Ok, that's not really the disappointing part. Oh-for-four with a weird sequence is the disappointing part -- in his first-ever major-league plate appearance, he went down looking on strikes without ever taking the bat off his shoulder. The pitches were fine, but they weren't exactly painting the corners. Weeks then apparently over-corrected and swung at each of the next five pitches he saw over three plate appearances, making three weak outs.
It's obviously not time to bury him, but it would've been fun for him to hit a triple, walk, and steal a base or something.
I'm no judge of defense, but his arm looked impressive, making up for the fact that he doesn't really throw like an infielder. On both double plays the A's turned, his toss on the pivot was pretty overhand. I worry that this will slow his release down enough that playing second could be dangerous for him, especially since he's already had injury issues in his career.

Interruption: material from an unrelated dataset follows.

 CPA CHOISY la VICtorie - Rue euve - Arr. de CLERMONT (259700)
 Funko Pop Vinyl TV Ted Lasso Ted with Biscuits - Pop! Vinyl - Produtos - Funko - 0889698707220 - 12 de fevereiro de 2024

The only really close defensive play for Weeks was on an Adam Jones liner in the fourth that just got past Weeks to his right. In my judgment, the ball was hit hard enough that Ellis would not have been able to get to it either. (Query whether Ellis positions himself differently (less up the middle) than Weeks was, but then query further whether the coaches or Ellis himself is more responsible for that.)
Weeks did have a hard grounder right at him later in that inning that he knocked down first instead of gloving cleanly, but he didn't panic and trusted his arm, so the out was still made easily.

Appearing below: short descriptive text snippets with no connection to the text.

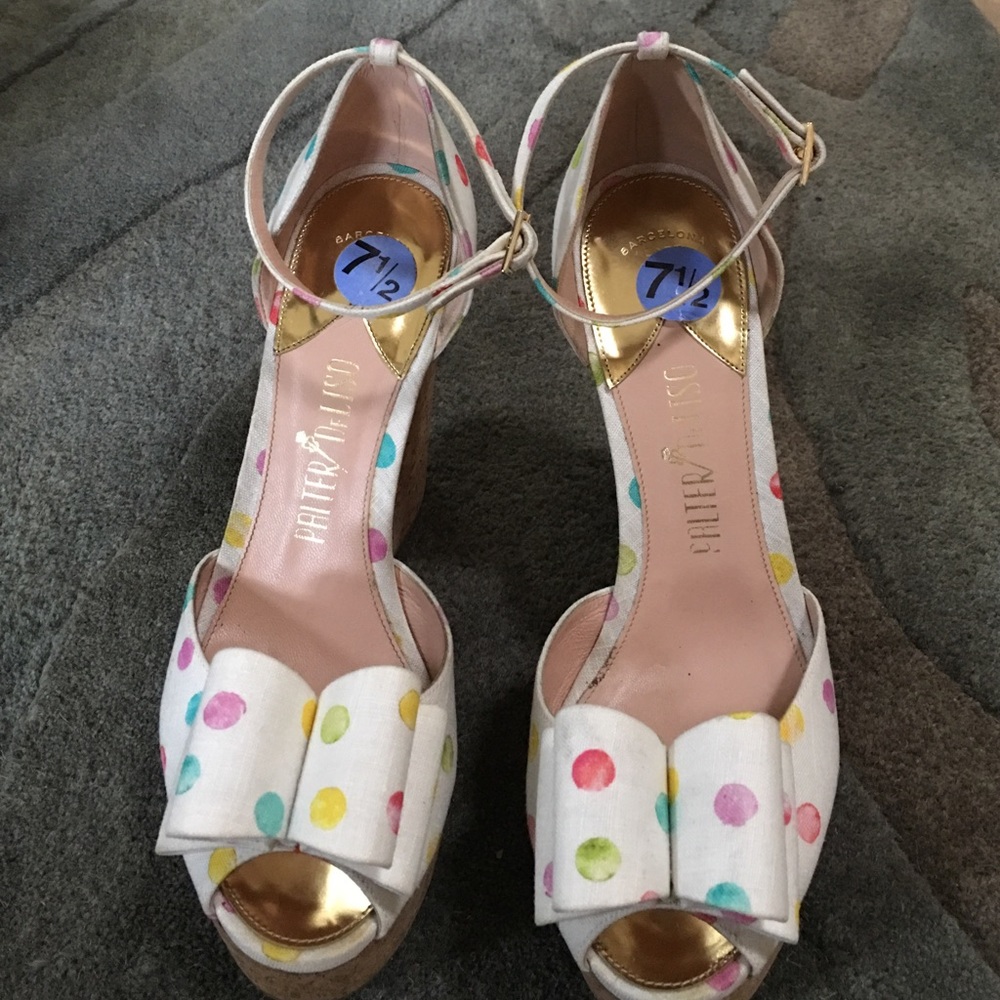 Palter DeLiso Wedge Sandals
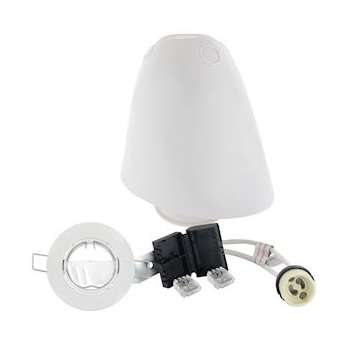 Kit SPOTBOX col. blanche orient. + alim. 220V LED|Blm distribution-BLI694899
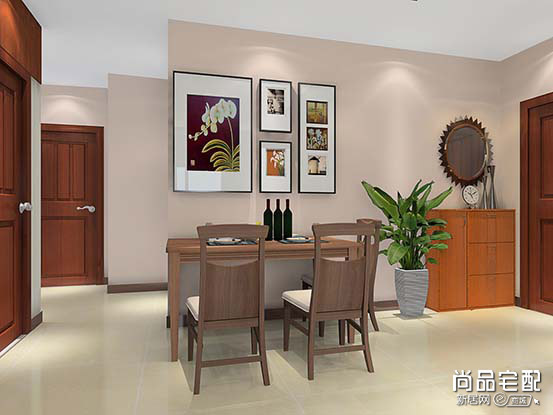 餐厅背景墙壁画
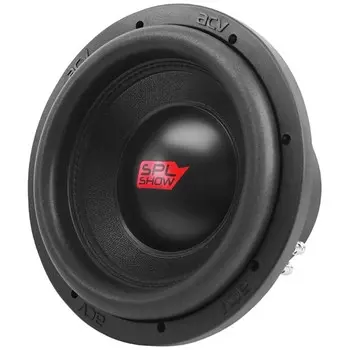 Сабвуфер ACV VALID V10D2, 25 см, 600 Вт, 2+2 Ом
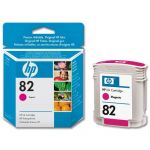 CARTOUCHE ENCRE HP C4912A N°82 MAGENTA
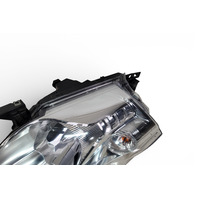 Nissan Leaf 14-17 Headlamp Head Light Lamp Right/Passenger 26010-9RB0A, E070, OEM, 2014, 2015, 2016, 2017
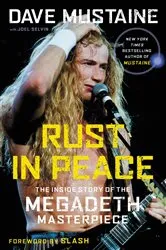 Book cover of Rust in Peace by Dave Mustaine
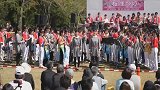日本女高中生集体演唱《歌唱祖国》，挺不错的，一起来欣赏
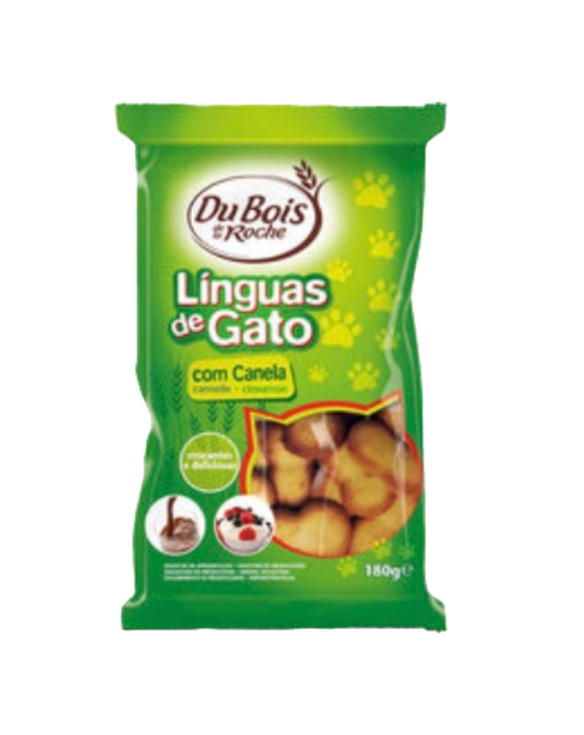 DU BOIS DE ROCHE LINGUAS DE GATO 16x180gr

David DeJesus missed a double or maybe even triple, possibly of the run-scoring variety, by a matter of inches, lining a ball down the right-field line in the fourth with Daric Barton on first base. Barton read the ball off the bat and was already well around second when the ball landed and was called foul, so, depending on how Nick Markakis played the ball, Barton might've had a good shot at the plate. DeJesus wound up striking out in the at-bat and did nothing else of note at the plate.
In the field, though, DeJesus made one of the better plays on a line drive into the corner I've seen. Matt Wieters struck the ball very well, and it looked off the bat like an easy double. DeJesus, though, played the ball cleanly on one hop of the wall and fired a quick strike back to the infield, keeping Wieters, who, granted, doesn't run that fast, to just a single.
(Insert obligatory "plays that don't show up in the box score!" here, except I think that the advanced defensive metrics do attempt to account for outfielders that hold runners from taking additional bases.)
Ryan Sweeney had a frustrating night, hitting three line drives, only one of which fell for a hit. Mark Reynolds made half-dive-half-fall-down catch in the sixth on a low drive down the LF line in the sixth, and a ninth-inning hard shot went right to Derrek Lee. When line-drives are supposed to fall for hits something like 70% of the time, only getting one knock out of three is pretty annoying.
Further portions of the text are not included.